In fact, this sonnet depicts a perfect sample of a true unconditional love. Though his mistress’ lips are mot full, he yearns for them, and her cheeks are not rosy, but he still feels her glow. Neither her hair nor her breath are perfect but the poet is irresistibly captivated by this woman, even though she cannot sing to save her life, he paradoxically loves her voice. When she walks she is not very graceful but he still cherishes her clumsy strides. This is why it is possible to conclude that the author of the poem has learned to love with his heart and not his eyes.
In Othello’s soliloquy in Act V, scene 2 the main tragedy of this play develops and comes to its end. At this point Othello prepares himself to kill his beloved wife. Is very jealous, his honor has been seriously wounded after Desdemona’s betray. Here it’s clearly seen the contrast: the speaker (Othello) prefers much more the subject of love in the person of his feeling that has been torn apart. The man can’t face the truth and he can’t forgive himself, first of all.

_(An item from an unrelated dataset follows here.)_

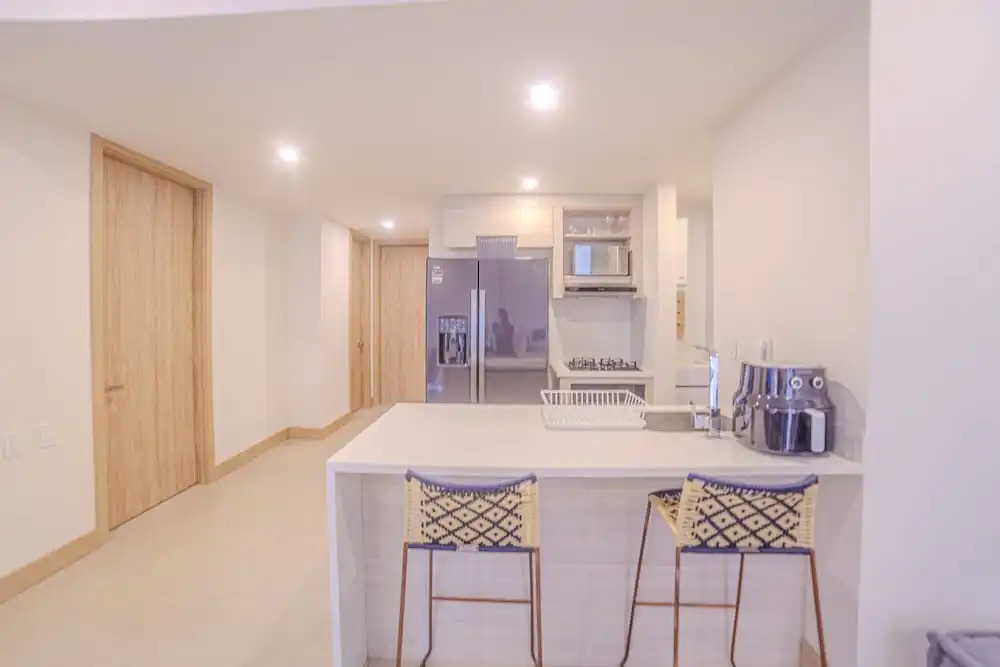 Exclusivo Apartamento 2Hab en Cartagena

He finds that it’s unjust to kill her, but he can’t realize it, he hesitates, because he still loves her and her beauty tries to stop him: “Yet I’ll not shed her blood; Nor scar that whiter skin of hers than snow, And smooth as monumental alabaster”. So it seems that he is ready to sacrifice his honor for her, but he can’t. It’s too much for him. The hesitative tone is typical for the whole soliloquy, but it doesn’t mean that it can stop the man from killing. “But once put out thy light, Thou cunning’st pattern of excelling nature, I know not where is that Promethean heat That can thy light relume”. The word ‘cunning’ means deceit, but Othello is using that word in the other sense. For him the word ‘cunning’ is a synonym of great, even magical knowledge.
So, “cunning pattern” here is Desdemona herself, a unique masterpiece of nature, that can be only imitated, but not equaled.

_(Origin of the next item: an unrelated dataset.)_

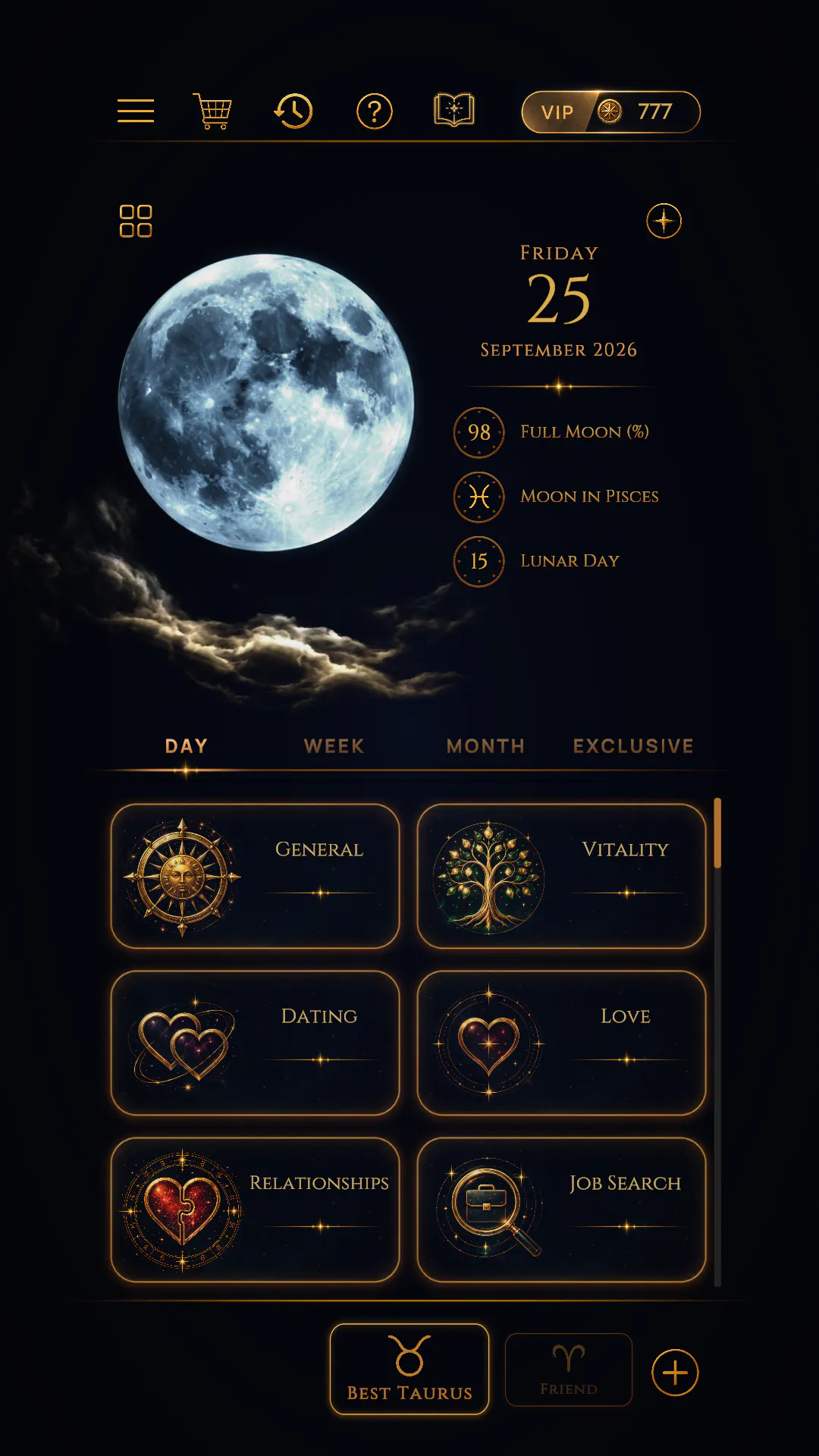 Horoscope: Personal Astrology gallery image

This means, Othello understands what a big crime it is to kill a human being, to bring back her to life would require the fire that Prometheus stole from the gods. This is symbolism, a characteristic feature of value of a person’s life. And it is shown here wonderfully. He kisses her and his struggle against his feelings becomes even more difficult: “Ah balmy breath, that dost almost persuade Justice to break her sword! One more, one more.
Be thus when thou art dead, and I will kill thee, And love thee after. One more, and this the last: So sweet was ne’er so fatal. I must weep, But they are cruel tears: this sorrow’s heavenly; It strikes where it doth love. She wakes’. When he reminds himself that he is here for ‘justice’, that she must die, he can’t help himself from crying. So, there’s a bright contrast between Sonnet 130 and Othello’s soliloquy. When in the first, the speaker tends to overestimate his love, to exalt, to ‘lend wings’ to his beloved person, in the second, Othello is so dried up with his love, that he wants to get rid of it as soon as it’s possible.